(SOURCE DATA Opens)

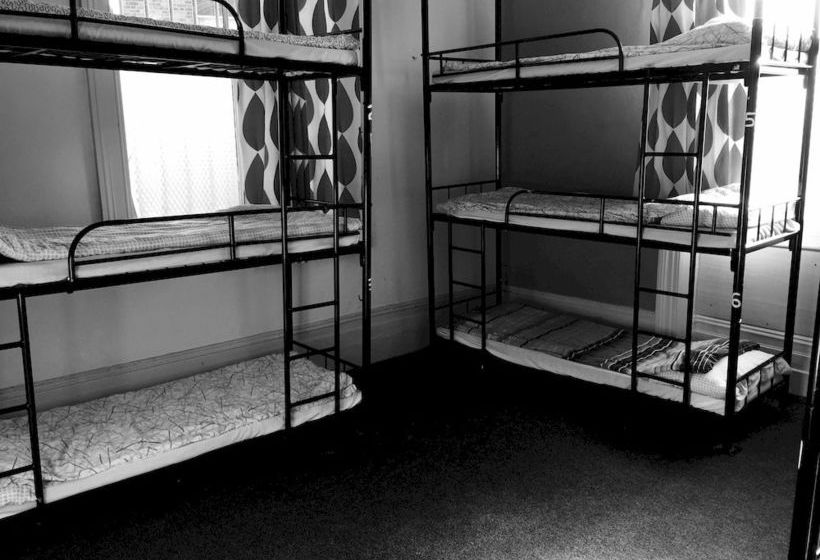 Arsenal Tavern Hostel 1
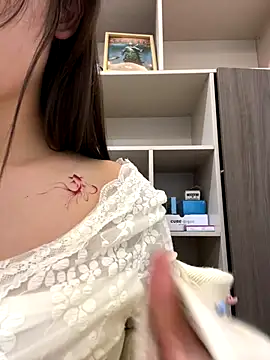 Snapshot of Xxq-20 chatting on 19, 12, 2025 Xxq-20 online show from 19, 12, 2025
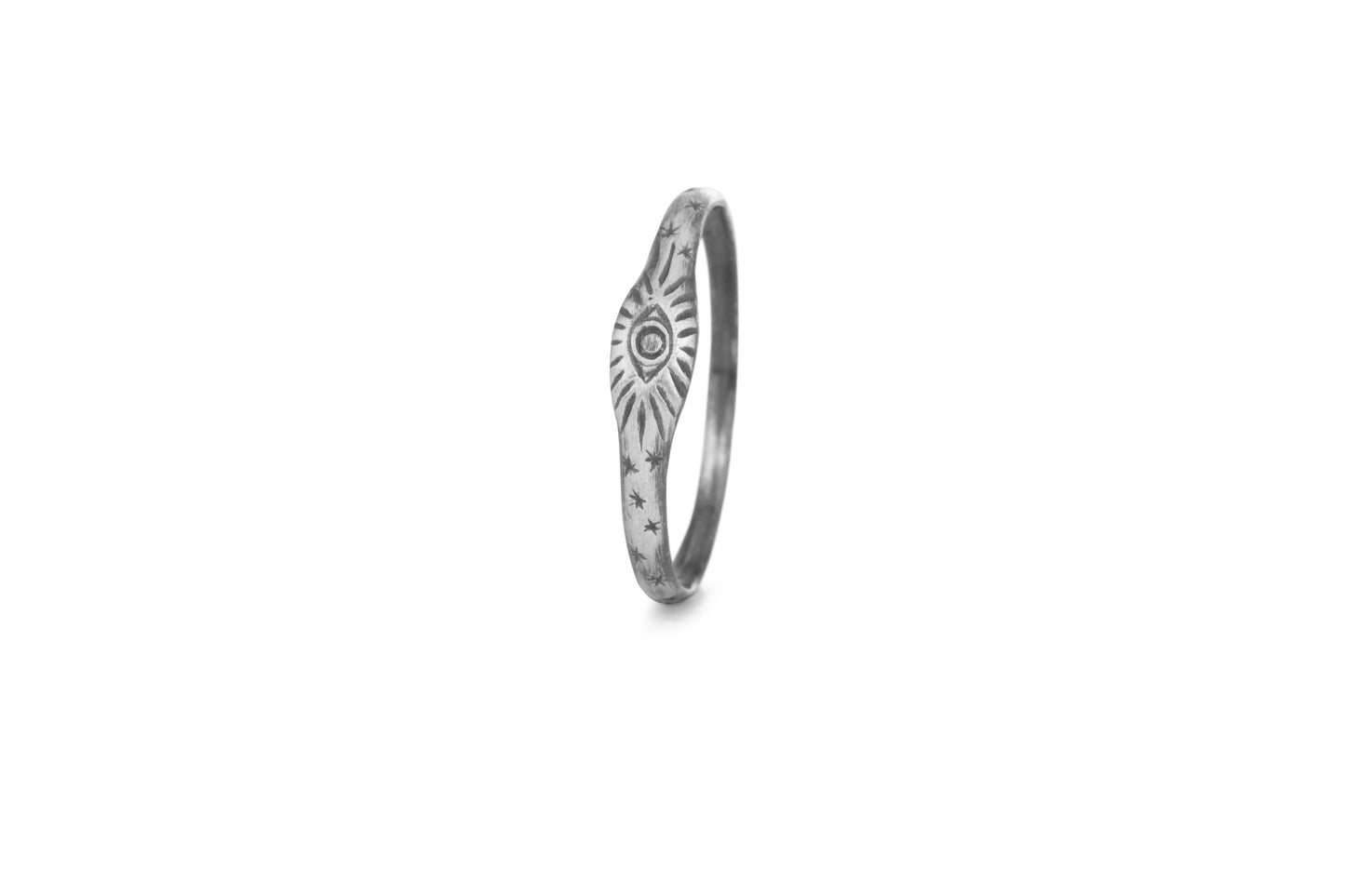 TÁKN / SYMBOLS - Ring. Thin silver ring with eye
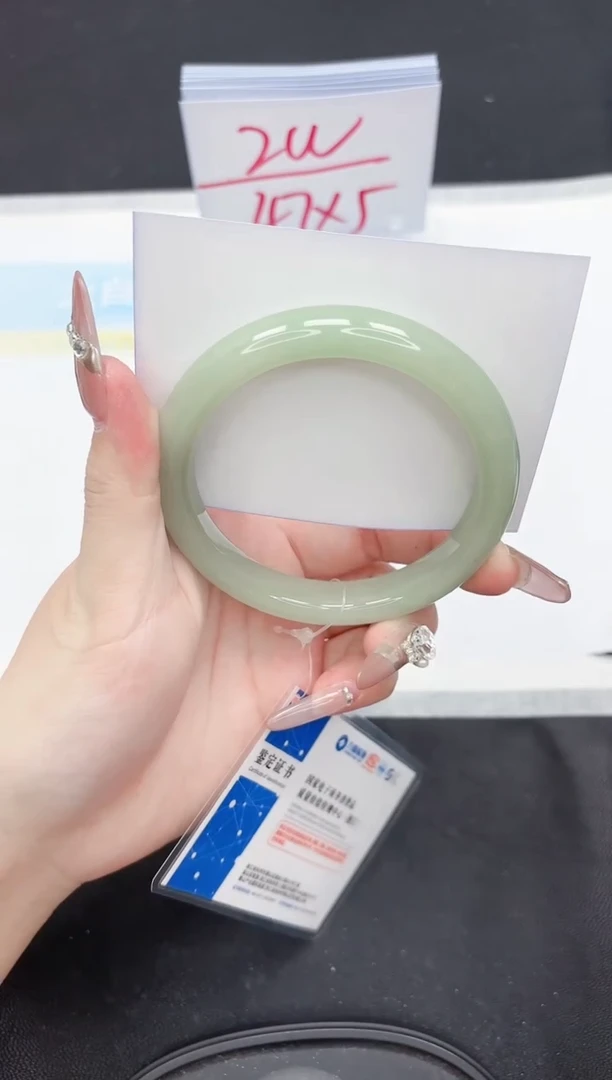 【闪购商品】石英质玉手镯未镶嵌357-60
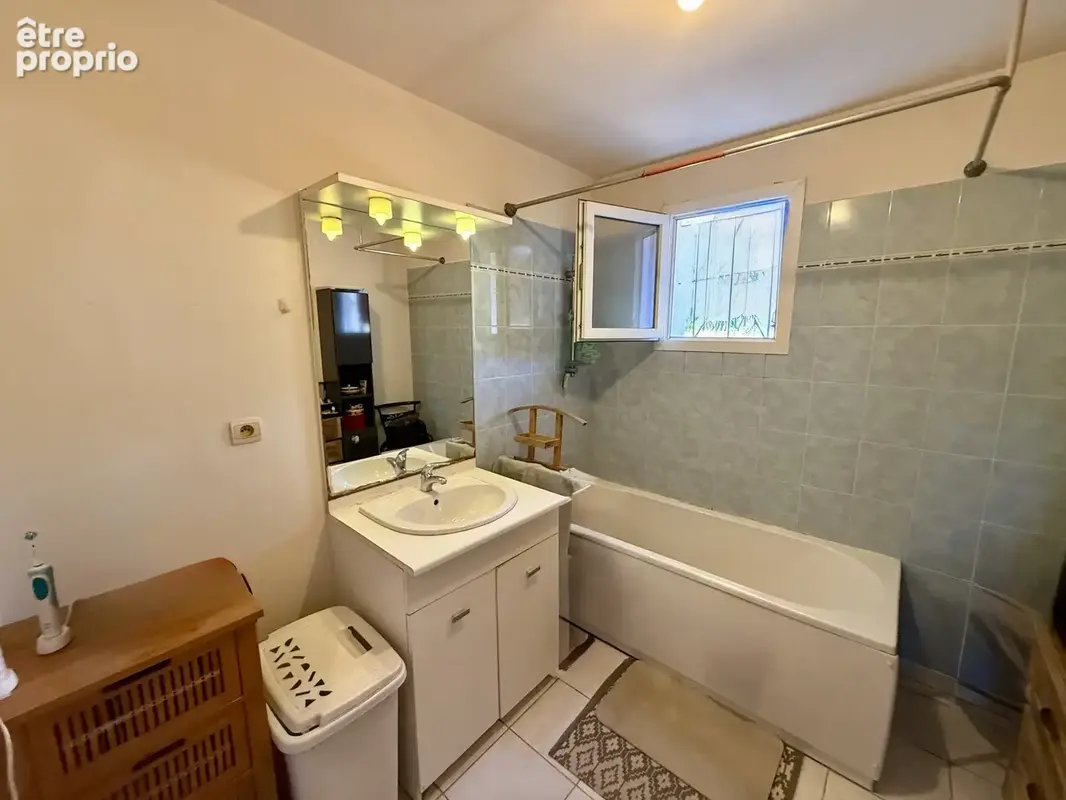 Maison de plain-pied récente T4 sur 833 m2 de terrain - photo 5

(SOURCE DATA Closes)

§ WORK INSTRUCTION
Each record is to be restated word for word; no picture goes in.

§ WRITTEN REPLY
 Arsenal Tavern Hostel 1
 Snapshot of Xxq-20 chatting on 19, 12, 2025 Xxq-20 online show from 19, 12, 2025
 TÁKN / SYMBOLS - Ring. Thin silver ring with eye
 【闪购商品】石英质玉手镯未镶嵌357-60
 Maison de plain-pied récente T4 sur 833 m2 de terrain - photo 5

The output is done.